Oddfish, this Savage game: it tastes just like an online FPS, with third-person elements, but there's a strange smell about the place. It's almost as if... there's some real-time strategy going on. For the beginner, Savage is a disconcerting experience: just what is this strategy element? Where is it coming from? What does it mean? And whose orders am I completely ignoring? Important questions indeed.
Perplexingly, these are questions that remain unanswered by the game itself. There is no tutorial whatsoever, so you are forced, like a new kid on the first day of school, to guess your way through the complex rituals of the game. Savage is online-only, and so, needless to say, there are plenty of nice people out there in the world who are willing to help you out, and plenty more screaming at you for your obvious and naive ineptitude. This is only to be expected in multi-player games, but it seems somewhat forlorn of a full retail game not to at least go some way to teaching players how to play what is not exactly a simple game. There isn't even any means by which to practise offline. I fear this singular factor might severely dent Savage's popularity.
Anyway, The Battle for Newerth is taking place between warring tribes. These are tribes of humans, who look pretty trendy in their remixed, native, North American Indian tribal gear, and the beasts, who look pretty beastly indeed. Battles, which generally have a time limit of about an hour, can take place between two human tribes, two beast tribes or a most enjoyable beast and human mixture. These battles have the potential to become awesome in their scale, with both sides fielding over 30 players and dozens of allied buildings.

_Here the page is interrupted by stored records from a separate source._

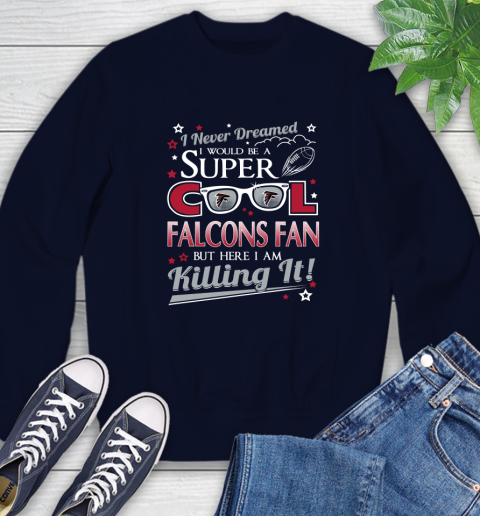 Atlanta Falcons NFL Football I Never Dreamed I Would Be Super Cool Fan Sweatshirt 2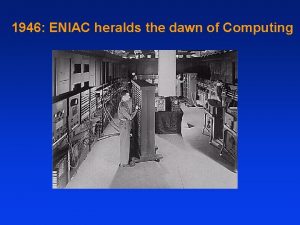 1946 ENIAC heralds the dawn of Computing 1950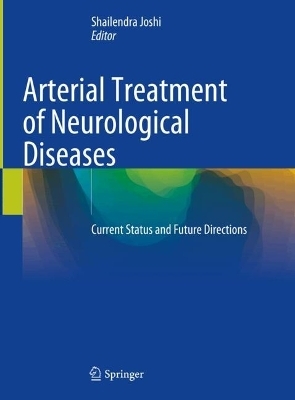 Arterial Treatment of Neurological Diseases - 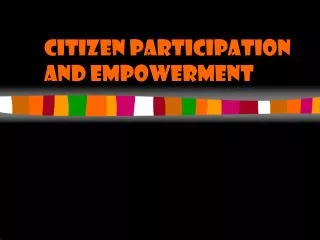 Citizen Participation and Empowerment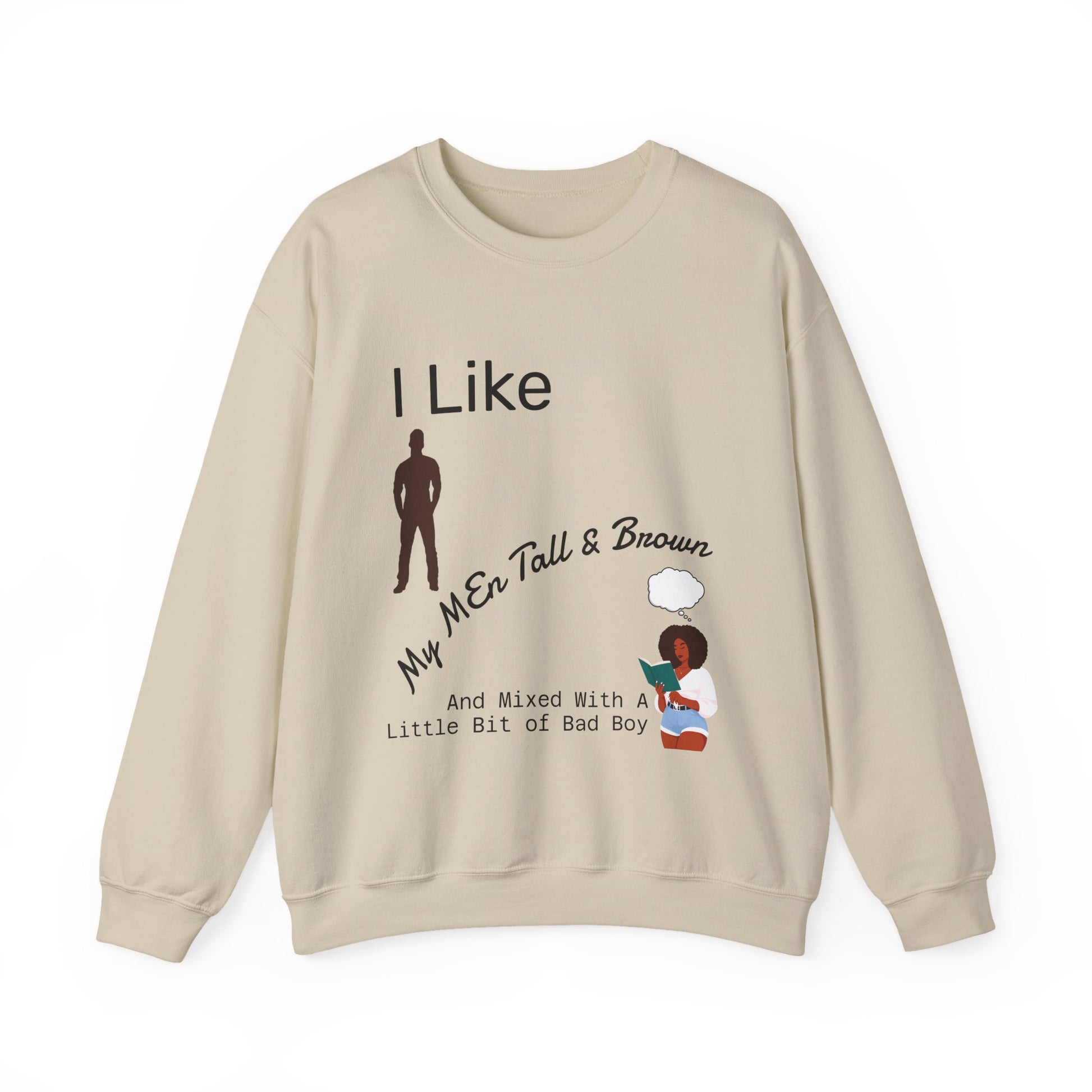 I Like My Men Tall & Brown Sweatshirt, Cozy Unisex Crewneck, Casual Gift for Him/Her, Fall Fashion, Birthday Present, Comfort Wear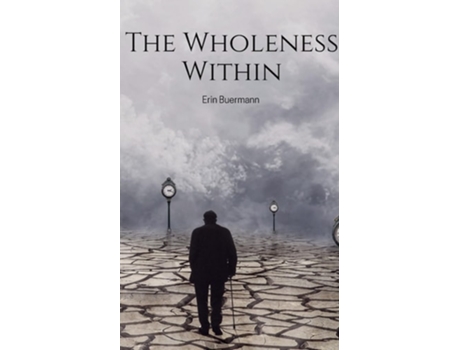 Livro The Wholeness Within de Erin Buermann (Inglês)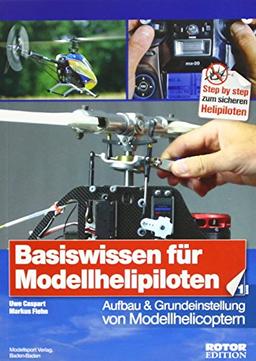 Basiswissen für Helipiloten - Einsteiger, Band 1: Aufbau und Grundeinstellung von Modellhelicoptern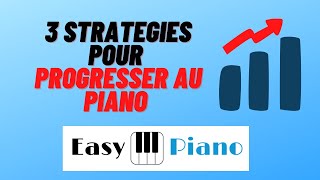 Comment PROGRESSER rapidement au PIANO? 3 stratégies qui marchent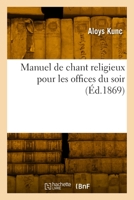 Manuel de Chant Religieux Pour Les Offices Du Soir: À l'Usage Des Fidèles, Des Communautés, Congrégations, Maisons d'Éducation 2329788010 Book Cover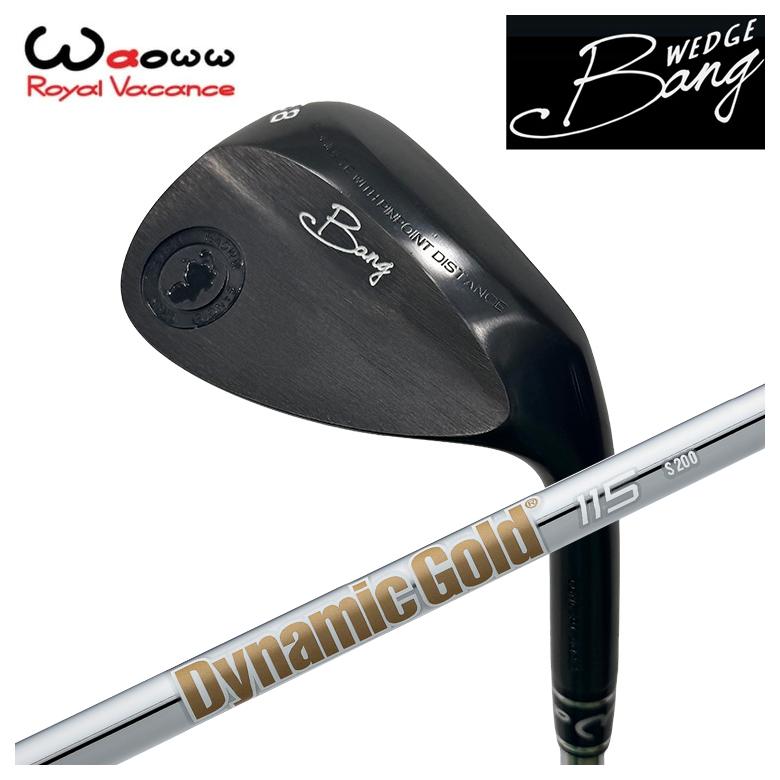 【特注】Waoww（ワオ） Bang（ヴァン）ウェッジ WGトゥルーテンパー ダイナミックゴールド115 WG用矢がら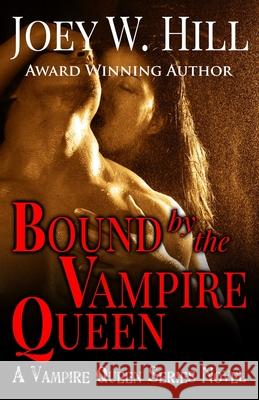 Bound by the Vampire Queen: A Vampire Queen Series Novel Joey W. Hill 9781942122661 Story Witch Press - książka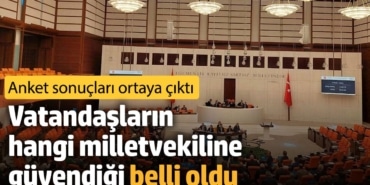 Vatandaşların hangi milletvekiline güvendiği belli oldu! Anket sonuçları ortaya çıktı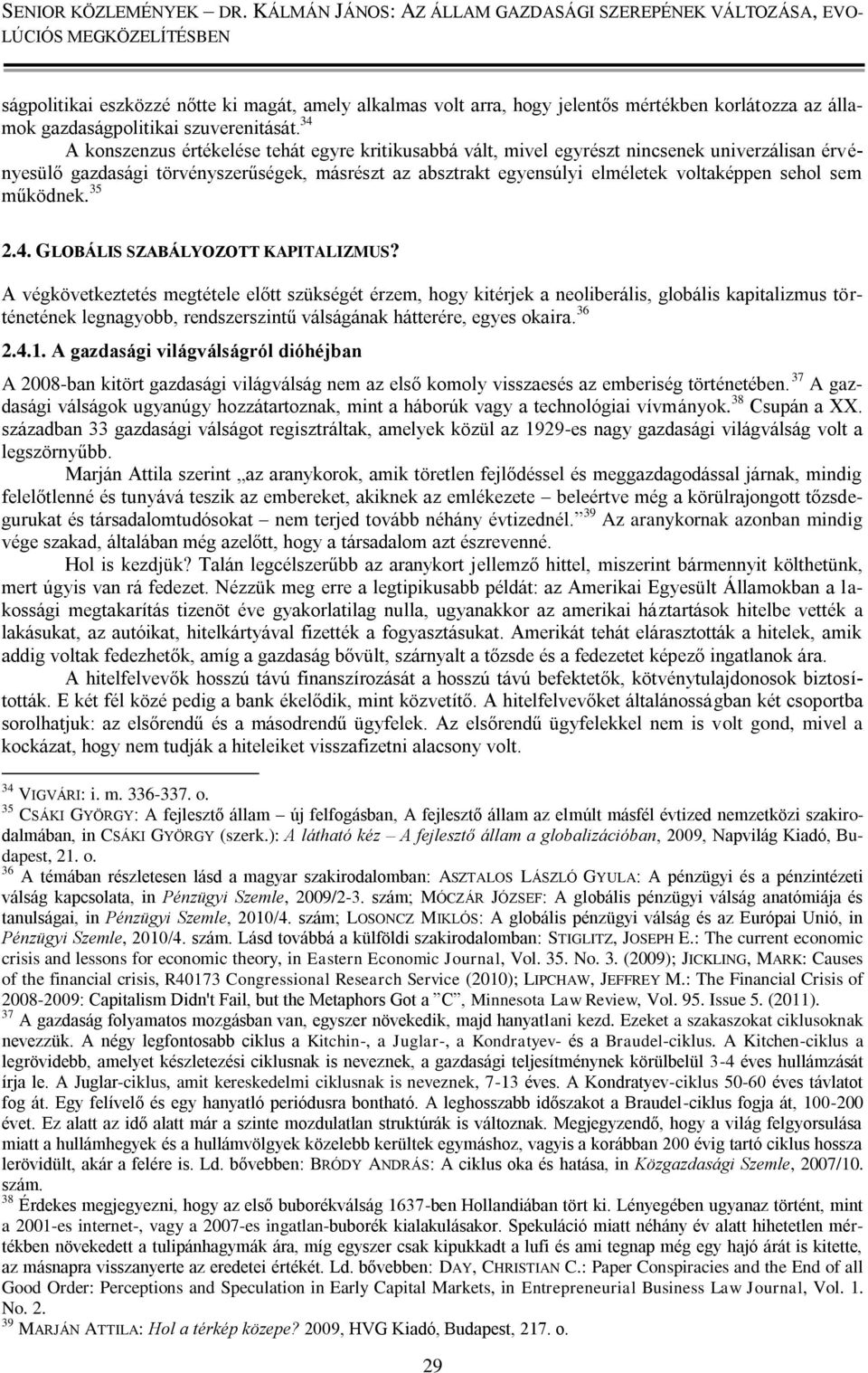 sem működnek. 35 2.4. GLOBÁLIS SZABÁLYOZOTT KAPITALIZMUS?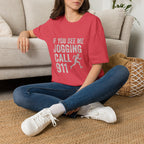 If You See Me Jogging Call 911 T-Shirt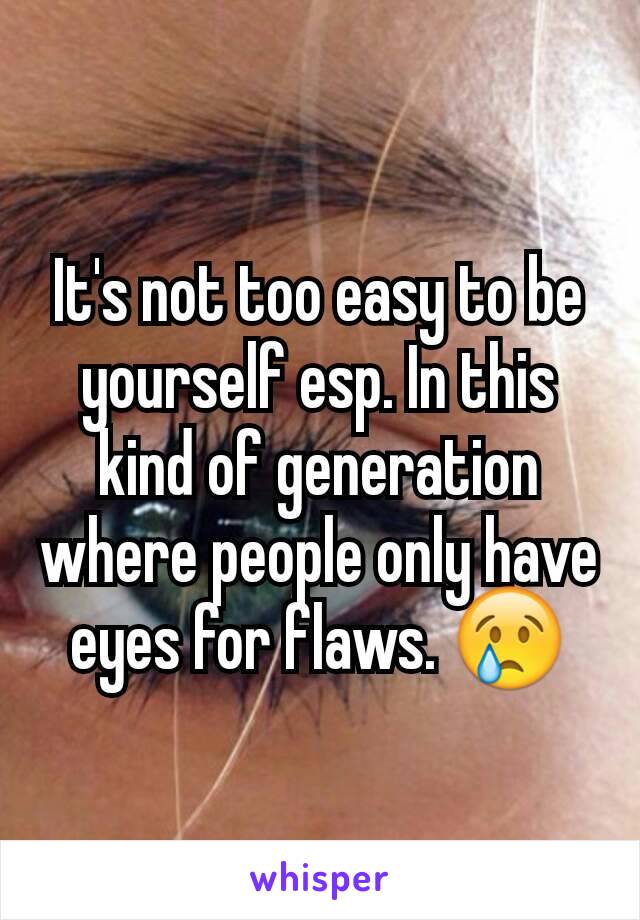 It's not too easy to be yourself esp. In this kind of generation where people only have eyes for flaws. 😢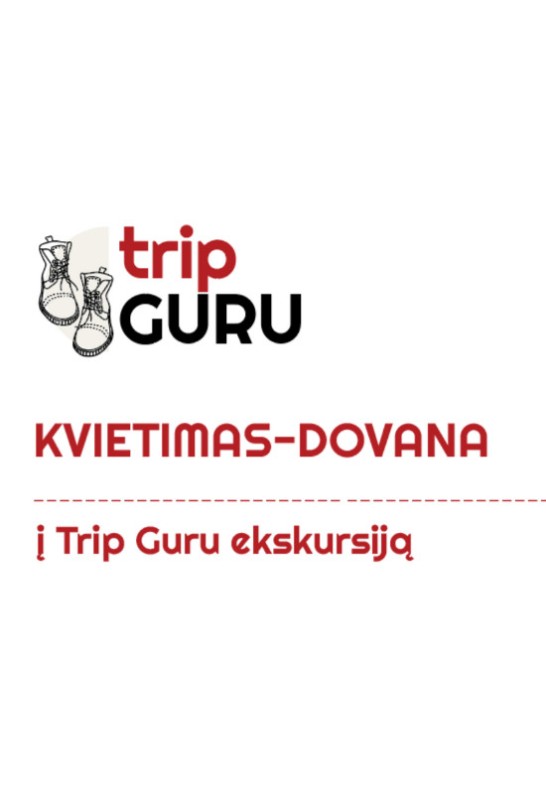 DOVANŲ kuponas į Trip Guru EKSKURSIJĄ. Galioja iki 2025.09.30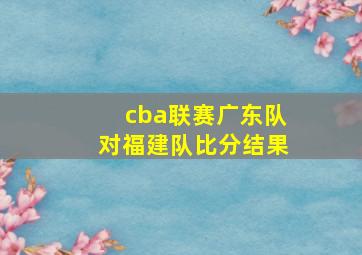 cba联赛广东队对福建队比分结果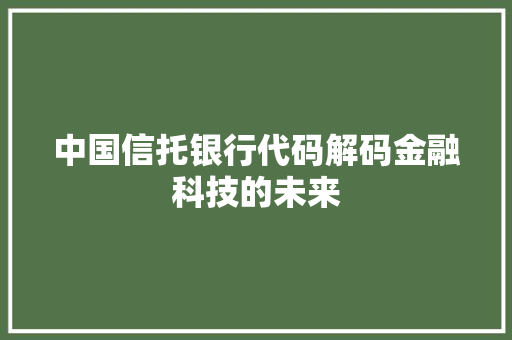 中国信托银行代码解码金融科技的未来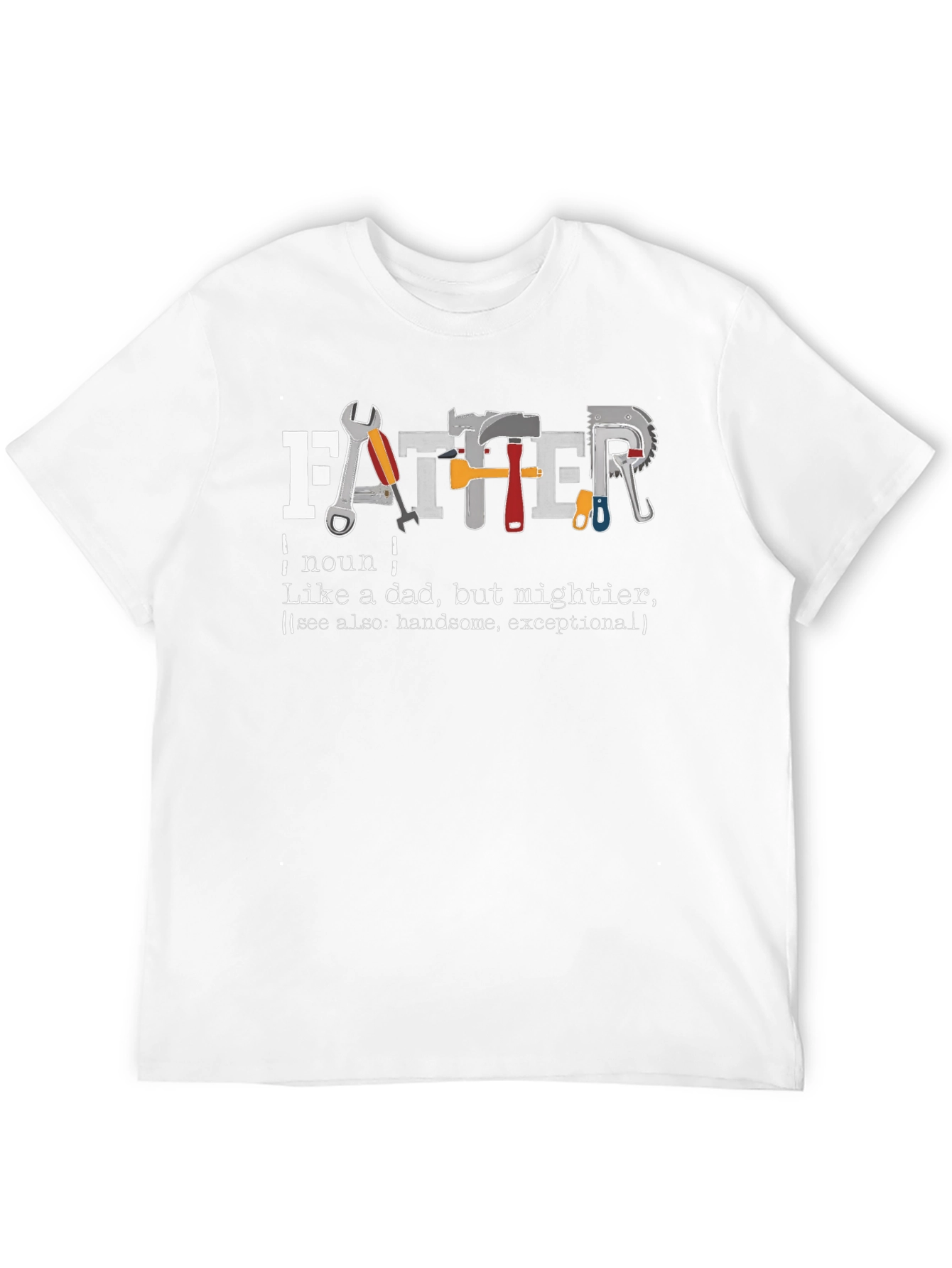 Father Definition T-Shirt - Handsome & Mightier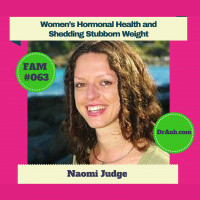 Womens Hormonal Health and Shedding Stubborn Weight with Naomi Judge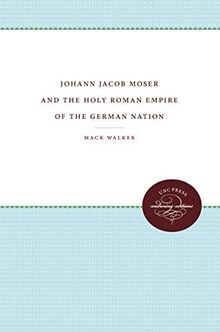 Johann Jakob Moser and the Holy Roman Empire of the German Nation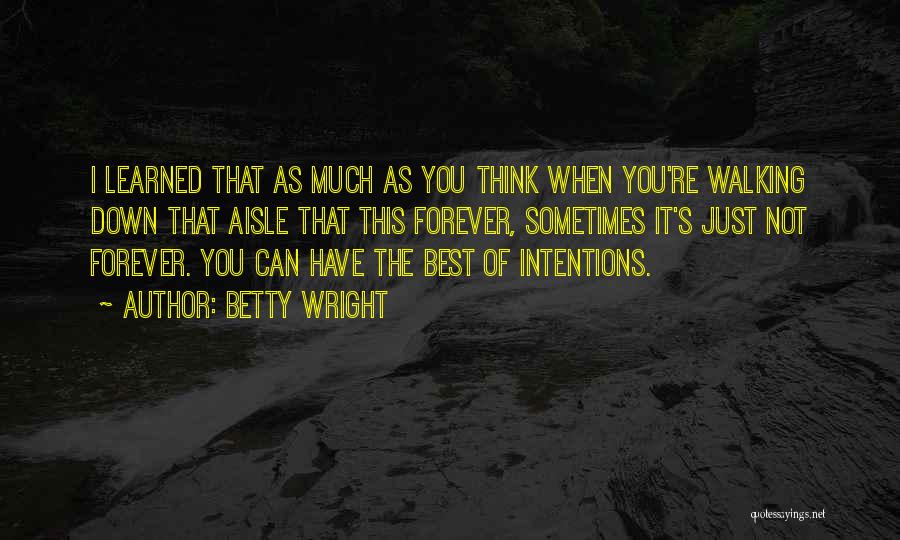 Betty Wright Quotes: I Learned That As Much As You Think When You're Walking Down That Aisle That This Forever, Sometimes It's Just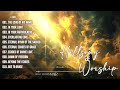 Praise Worship Music🕊️ Hillsong Worship 🕊️Divine Melodies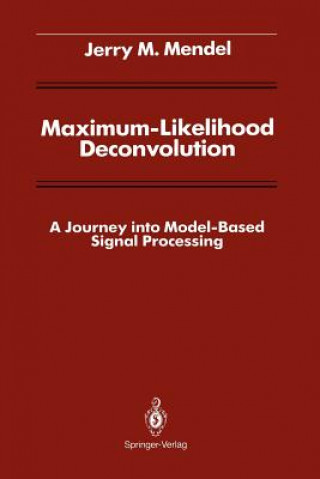Kniha Maximum-Likelihood Deconvolution Jerry M. Mendel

The goal of the game is to destroy the enemy stronghold, while building up your own. Demolish the right buildings to claim victory. (We understand new, free game-types are on their way.) Players on both sides run about, undertaking tasks and attacking the opposing team. The combat, however, lacks dynamism, with neither default third-person melee combat, nor the first-person magic and guns mode proving particularly exciting. Most players will rely on their third-person melee skills for the worst of the fighting, since these weapons are very powerful and also come by default. Ranged weapons are commonplace, but rather inaccurate, and with limited ammo. The sneakier players will use the cover, attacking with a ranged weapon to soften up a target and then use the 'dash' function to speed forward and hack their foe down in his tracks. As the game escalates, more troop types become available and the melee combat becomes increasingly deadly for the weaker players.
But there is more to Savage than just combat, even though for the grunts of the game life is all about running and clicking-clicking-clicking. You click to shoot, to attack, to slay animals for harvesting, to mine the precious red-ore and even to create buildings. Mining? Building? Oh yes. Not all the team are on the ground, doing the dirty work. One person is doing the 'god-in-the-sky' routine familiar from normal RTS games. He can see all the events as they take place on the map, as if he were playing Warcraft or one of its many clones. This commander can decide where to plant many types of buildings and also has control over some NPC minions, whom he can order to build and mine resources. This heavenly strategist can attempt to give his human minions orders too, only they don't have to listen to him if they don't want to. They're exercising the greatest illusion of all, their free will. All in all, the boss experience is frustrating and under-powered. For the internet generals it will be a disappointment unless they can muster an organised team of 30 players to obey their whims. Which seems unlikely.